▸ Exercise aim: When you reach the line containing "em Mercês, Curitiba" in the entries below, begin reproducing lines exactly, and stop once the line containing "Amsterdam Schiphol 1 mei 2009" is done.

▸ Provided entries:
++++

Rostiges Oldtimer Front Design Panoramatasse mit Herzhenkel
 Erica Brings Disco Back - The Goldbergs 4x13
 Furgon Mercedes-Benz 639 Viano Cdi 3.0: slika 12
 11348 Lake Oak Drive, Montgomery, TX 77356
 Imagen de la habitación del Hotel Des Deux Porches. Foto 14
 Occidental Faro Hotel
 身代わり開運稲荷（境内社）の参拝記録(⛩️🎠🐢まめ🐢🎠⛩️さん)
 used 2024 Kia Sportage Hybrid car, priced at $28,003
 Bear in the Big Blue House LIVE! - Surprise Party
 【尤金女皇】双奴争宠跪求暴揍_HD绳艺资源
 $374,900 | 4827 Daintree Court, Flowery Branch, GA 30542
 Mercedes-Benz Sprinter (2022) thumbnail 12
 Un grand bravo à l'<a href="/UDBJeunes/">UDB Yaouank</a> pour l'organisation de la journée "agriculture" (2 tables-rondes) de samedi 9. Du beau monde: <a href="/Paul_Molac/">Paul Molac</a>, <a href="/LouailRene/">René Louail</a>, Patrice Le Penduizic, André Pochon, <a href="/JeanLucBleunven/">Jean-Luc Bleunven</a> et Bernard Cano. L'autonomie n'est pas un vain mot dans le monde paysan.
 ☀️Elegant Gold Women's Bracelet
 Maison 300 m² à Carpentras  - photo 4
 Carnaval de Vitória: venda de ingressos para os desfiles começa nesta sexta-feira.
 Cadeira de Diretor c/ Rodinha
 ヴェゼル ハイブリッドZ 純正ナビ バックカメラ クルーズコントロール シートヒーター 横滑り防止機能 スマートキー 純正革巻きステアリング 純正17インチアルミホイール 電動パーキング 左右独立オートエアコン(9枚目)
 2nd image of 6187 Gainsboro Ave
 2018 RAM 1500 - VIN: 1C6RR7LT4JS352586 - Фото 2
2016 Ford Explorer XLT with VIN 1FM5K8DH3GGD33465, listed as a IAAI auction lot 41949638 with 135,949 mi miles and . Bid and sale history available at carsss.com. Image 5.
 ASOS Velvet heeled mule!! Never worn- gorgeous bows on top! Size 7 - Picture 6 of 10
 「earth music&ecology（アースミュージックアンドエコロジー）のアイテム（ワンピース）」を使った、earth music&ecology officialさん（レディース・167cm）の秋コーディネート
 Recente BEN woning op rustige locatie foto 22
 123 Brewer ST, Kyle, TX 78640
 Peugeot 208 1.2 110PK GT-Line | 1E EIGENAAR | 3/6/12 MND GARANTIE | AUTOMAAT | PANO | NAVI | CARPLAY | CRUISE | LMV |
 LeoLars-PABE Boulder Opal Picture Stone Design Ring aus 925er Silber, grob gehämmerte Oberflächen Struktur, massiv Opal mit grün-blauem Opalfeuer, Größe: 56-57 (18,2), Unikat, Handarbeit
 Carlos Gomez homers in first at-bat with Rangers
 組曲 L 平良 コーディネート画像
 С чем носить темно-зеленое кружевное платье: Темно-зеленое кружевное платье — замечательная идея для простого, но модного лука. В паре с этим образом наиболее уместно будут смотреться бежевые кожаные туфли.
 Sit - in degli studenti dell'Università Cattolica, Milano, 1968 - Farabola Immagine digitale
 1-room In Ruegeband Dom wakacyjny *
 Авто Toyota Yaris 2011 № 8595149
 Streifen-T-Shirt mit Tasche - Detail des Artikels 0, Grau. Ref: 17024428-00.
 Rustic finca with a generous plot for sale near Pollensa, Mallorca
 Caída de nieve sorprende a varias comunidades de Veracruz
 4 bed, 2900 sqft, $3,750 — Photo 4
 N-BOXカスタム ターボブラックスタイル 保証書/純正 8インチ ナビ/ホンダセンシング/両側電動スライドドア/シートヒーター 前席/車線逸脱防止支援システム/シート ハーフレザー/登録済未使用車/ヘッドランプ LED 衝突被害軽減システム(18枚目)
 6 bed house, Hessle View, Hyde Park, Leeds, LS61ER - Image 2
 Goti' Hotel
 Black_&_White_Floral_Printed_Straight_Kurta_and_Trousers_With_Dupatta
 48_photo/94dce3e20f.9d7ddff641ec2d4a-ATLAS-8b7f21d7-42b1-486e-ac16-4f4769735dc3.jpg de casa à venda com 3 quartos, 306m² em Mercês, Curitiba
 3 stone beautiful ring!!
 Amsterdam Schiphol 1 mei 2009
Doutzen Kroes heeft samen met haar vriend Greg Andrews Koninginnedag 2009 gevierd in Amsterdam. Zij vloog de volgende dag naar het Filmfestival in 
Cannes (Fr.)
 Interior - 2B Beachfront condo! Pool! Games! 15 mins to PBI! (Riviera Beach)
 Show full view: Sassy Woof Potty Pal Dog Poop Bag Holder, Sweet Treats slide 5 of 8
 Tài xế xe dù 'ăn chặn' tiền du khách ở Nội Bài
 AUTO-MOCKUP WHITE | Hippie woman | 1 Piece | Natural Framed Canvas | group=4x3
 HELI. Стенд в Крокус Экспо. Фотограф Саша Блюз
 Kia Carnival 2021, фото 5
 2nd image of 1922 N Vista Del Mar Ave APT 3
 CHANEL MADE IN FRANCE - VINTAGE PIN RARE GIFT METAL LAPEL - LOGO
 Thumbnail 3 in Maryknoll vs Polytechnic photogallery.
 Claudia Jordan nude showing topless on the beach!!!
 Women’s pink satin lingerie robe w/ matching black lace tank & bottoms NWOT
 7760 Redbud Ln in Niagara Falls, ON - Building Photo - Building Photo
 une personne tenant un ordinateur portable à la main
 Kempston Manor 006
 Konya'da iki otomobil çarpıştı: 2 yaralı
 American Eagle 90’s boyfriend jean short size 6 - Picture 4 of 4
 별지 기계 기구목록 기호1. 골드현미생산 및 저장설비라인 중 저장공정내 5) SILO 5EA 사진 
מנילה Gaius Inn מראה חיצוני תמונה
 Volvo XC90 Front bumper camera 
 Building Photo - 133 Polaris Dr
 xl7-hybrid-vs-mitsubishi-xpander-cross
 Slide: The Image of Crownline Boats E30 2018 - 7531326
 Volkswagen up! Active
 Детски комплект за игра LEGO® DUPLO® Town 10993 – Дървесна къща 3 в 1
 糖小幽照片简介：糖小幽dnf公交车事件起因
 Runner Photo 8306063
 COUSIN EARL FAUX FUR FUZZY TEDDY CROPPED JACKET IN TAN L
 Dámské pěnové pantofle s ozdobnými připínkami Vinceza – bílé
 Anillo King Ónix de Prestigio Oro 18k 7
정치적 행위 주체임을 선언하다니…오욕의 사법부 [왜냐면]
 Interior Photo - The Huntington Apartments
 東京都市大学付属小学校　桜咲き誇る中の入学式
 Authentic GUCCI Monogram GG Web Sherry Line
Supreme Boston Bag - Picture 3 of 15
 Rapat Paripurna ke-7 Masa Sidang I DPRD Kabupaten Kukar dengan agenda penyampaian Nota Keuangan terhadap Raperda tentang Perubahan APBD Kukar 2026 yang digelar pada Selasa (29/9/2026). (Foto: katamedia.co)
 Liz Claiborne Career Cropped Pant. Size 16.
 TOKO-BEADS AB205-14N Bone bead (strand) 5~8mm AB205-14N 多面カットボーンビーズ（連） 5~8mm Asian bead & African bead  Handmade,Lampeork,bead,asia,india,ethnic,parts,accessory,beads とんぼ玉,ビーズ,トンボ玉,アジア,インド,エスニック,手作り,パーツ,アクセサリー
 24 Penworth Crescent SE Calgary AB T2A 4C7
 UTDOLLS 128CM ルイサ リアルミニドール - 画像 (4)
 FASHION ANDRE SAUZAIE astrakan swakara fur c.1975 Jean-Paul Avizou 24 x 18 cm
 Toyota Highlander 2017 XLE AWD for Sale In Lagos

++++

▸ Exercise response:
 48_photo/94dce3e20f.9d7ddff641ec2d4a-ATLAS-8b7f21d7-42b1-486e-ac16-4f4769735dc3.jpg de casa à venda com 3 quartos, 306m² em Mercês, Curitiba
 3 stone beautiful ring!!
 Amsterdam Schiphol 1 mei 2009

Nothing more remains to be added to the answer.